┌──
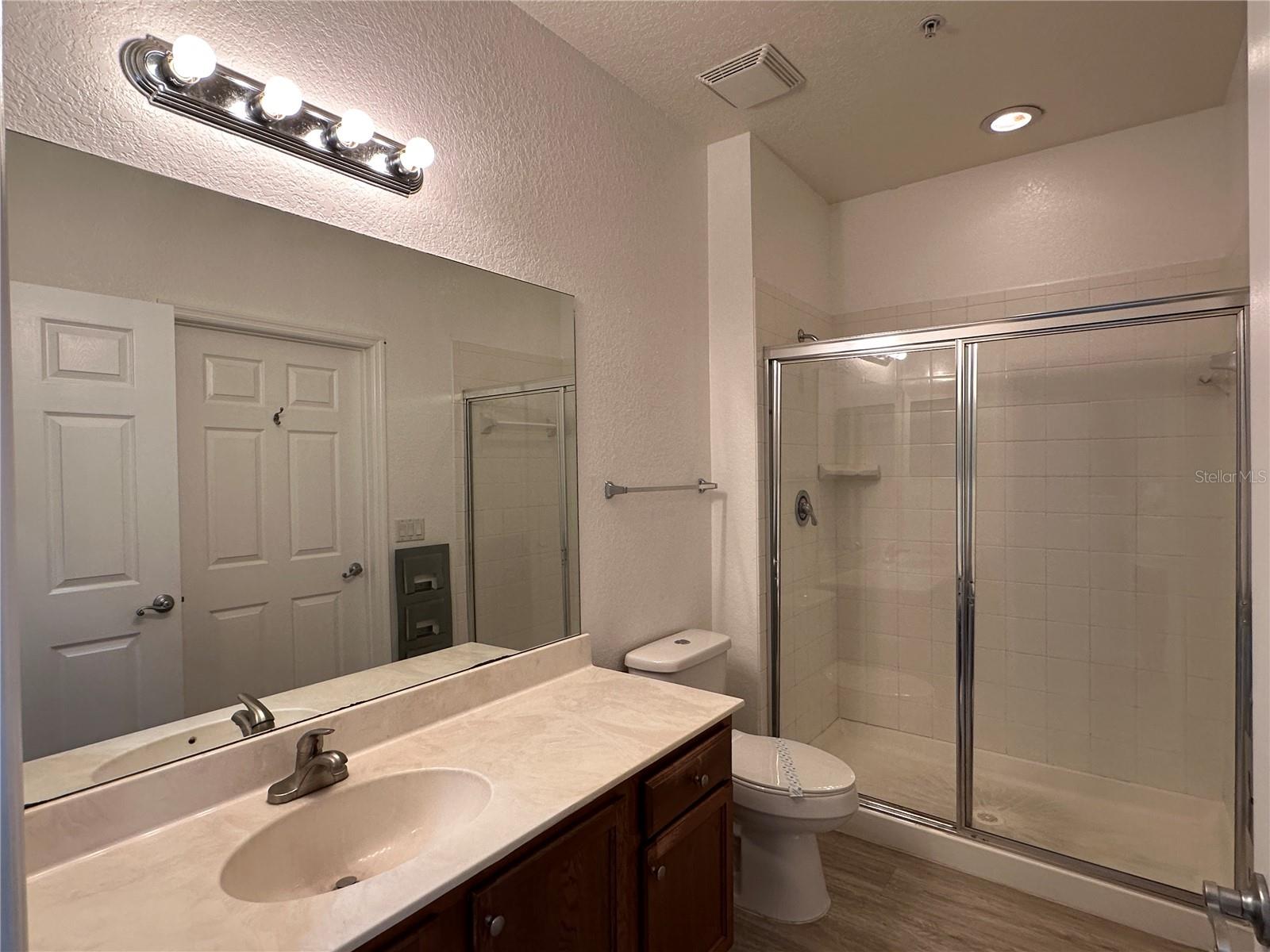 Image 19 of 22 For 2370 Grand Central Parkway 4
└──
┌──
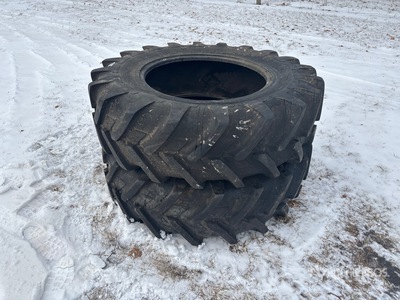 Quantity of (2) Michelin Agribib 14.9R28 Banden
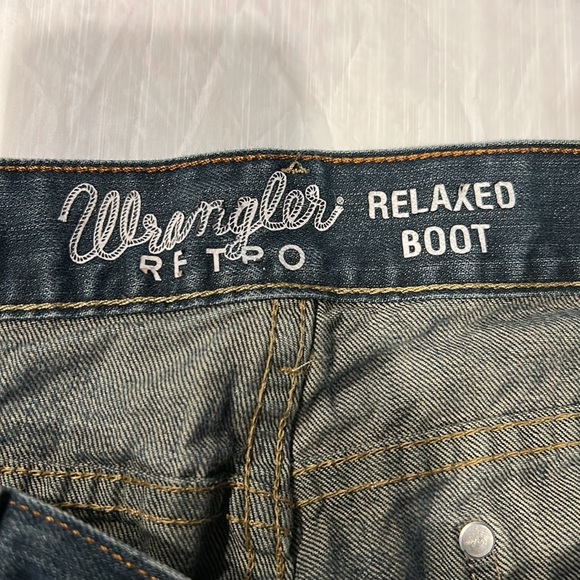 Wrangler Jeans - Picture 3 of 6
└──
Transcribe exactly the lines above, beginning at the one with "Quantity of (2)" and going up to and including the one with "Wrangler Jeans - Picture 3 of 6". Pictures do not belong in the copy.

**Task answer**:
 Quantity of (2) Michelin Agribib 14.9R28 Banden
 Wrangler Jeans - Picture 3 of 6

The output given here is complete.